# Getting started with Coiled

Welcome to the getting started guide for Coiled! This notebook covers installing and setting up Coiled as well as running your first computation using Coiled.

## Launch a cluster

The first step is to spin up a Dask Cluster. In Coiled, this is done by creating a `coiled.Cluster` instance, there are [several keyword arguments](https://docs.coiled.io/user_guide/api.html#coiled.Cluster) you can use to specify the details of your cluster further. Please read the [cluster creation documentation](https://docs.coiled.io/user_guide/cluster_creation.html) to know more.

Note that we will give a name to this cluster, if you don't specify this keyword argument, clusters will be given a unique randomly generated name.

In [None]:
import coiled

cluster = coiled.Cluster(name="quickstart-example", n_workers=10)

Once a cluster has been created (you can see the status on your [Coiled dashboard](https://cloud.coiled.io/)), you can connect Dask to the cluster by creating a `distributed.Client` instance.

In [None]:
from dask.distributed import Client

client = Client(cluster)
client

## Analyze data in the cloud

Now that we have our cluster running and Dask connected to it, let's run a computation. This example will run the computation on about 84 million rows.

In [None]:
import dask.dataframe as dd

df = dd.read_csv(
    "s3://nyc-tlc/trip data/yellow_tripdata_2019-*.csv",
    dtype={
        "payment_type": "UInt8",
        "VendorID": "UInt8",
        "passenger_count": "UInt8",
        "RatecodeID": "UInt8",
    },
    storage_options={"anon": True},
    blocksize="16 MiB",
).persist()

df.groupby("passenger_count").tip_amount.mean().compute()

## Stop a cluster

By default, clusters will shutdown after 20 minutes of inactivity. You can stop a cluster by pressing the stop button on the [Coiled dashboard](https://cloud.coiled.io/). Alternatively, we can get a list of all running clusters and use the cluster name to stop it.

In [None]:
coiled.list_clusters()

The command `list_clusters` returns a dictionary with the cluster name used as the key. We can grab that and then call the command `coiled.delete_cluster()` to stop the running cluster, and `client.close()` to close the client.

In [None]:
coiled.delete_cluster(name="quickstart-example")
client.close()

You can now go back to the [Coiled dashboard](https://cloud.coiled.io/) and you will see that the cluster is now stopping/stopped

# Software Environments

Software Environments are Docker images that contain all your dependencies and files that you might need to run your computations. If you don't specify a software environment to the `coiled.Cluster` constructor, we will use Coiled's default software environment. You can learn more about software environments in our [documentation](https://docs.coiled.io/user_guide/software_environment.html).

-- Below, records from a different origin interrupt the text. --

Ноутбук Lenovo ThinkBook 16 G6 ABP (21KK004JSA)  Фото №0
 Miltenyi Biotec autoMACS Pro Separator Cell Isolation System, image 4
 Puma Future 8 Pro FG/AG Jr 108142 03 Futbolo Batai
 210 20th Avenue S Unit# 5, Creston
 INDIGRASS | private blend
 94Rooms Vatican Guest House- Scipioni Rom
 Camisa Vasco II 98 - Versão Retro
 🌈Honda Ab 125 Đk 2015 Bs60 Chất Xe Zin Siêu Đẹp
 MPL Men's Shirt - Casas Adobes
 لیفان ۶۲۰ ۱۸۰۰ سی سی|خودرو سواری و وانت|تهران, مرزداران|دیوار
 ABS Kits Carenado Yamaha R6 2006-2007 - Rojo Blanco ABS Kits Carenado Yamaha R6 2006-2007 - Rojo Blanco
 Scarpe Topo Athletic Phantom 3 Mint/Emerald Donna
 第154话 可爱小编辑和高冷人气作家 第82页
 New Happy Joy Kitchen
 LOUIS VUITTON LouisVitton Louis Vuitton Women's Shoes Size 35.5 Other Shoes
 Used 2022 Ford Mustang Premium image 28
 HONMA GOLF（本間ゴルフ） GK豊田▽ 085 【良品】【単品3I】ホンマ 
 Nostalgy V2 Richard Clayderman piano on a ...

## Create a software environment

When creating software environments, there are [several keyword arguments](https://docs.coiled.io/user_guide/api.html#coiled.create_software_environment) that you can use to create a custom environment for your work.

In [None]:
coiled.create_software_environment(
    name="quickstart", 
    conda={
        "channels": ["conda-forge"], 
        "dependencies": ["coiled=0.0.51", "dask=2021.9.0"]
    }
)

We can now follow our previous workflow of creating a cluster - this time, we will use our newly created software environment - connect the cluster to Dask and then running the same example.

In [None]:
cluster = coiled.Cluster(n_workers=10, software="quickstart")
client = Client(cluster)
client

If you go to the [Coiled dashboard](https://cloud.coiled.io/), under the **Software Environment** column, you can see that we are using the quickstart software environment we have just created. Note also that this time, the cluster will have a randomly generated name.

Let's now run the same computation as before, but using the cluster that is running with the software environment that we have recently created.

In [None]:
df = dd.read_csv(
    "s3://nyc-tlc/trip data/yellow_tripdata_2019-*.csv",
    dtype={
        "payment_type": "UInt8",
        "VendorID": "UInt8",
        "passenger_count": "UInt8",
        "RatecodeID": "UInt8",
    },
    storage_options={"anon": True},
    blocksize="16 MiB",
).persist()

df.groupby("passenger_count").tip_amount.mean().compute()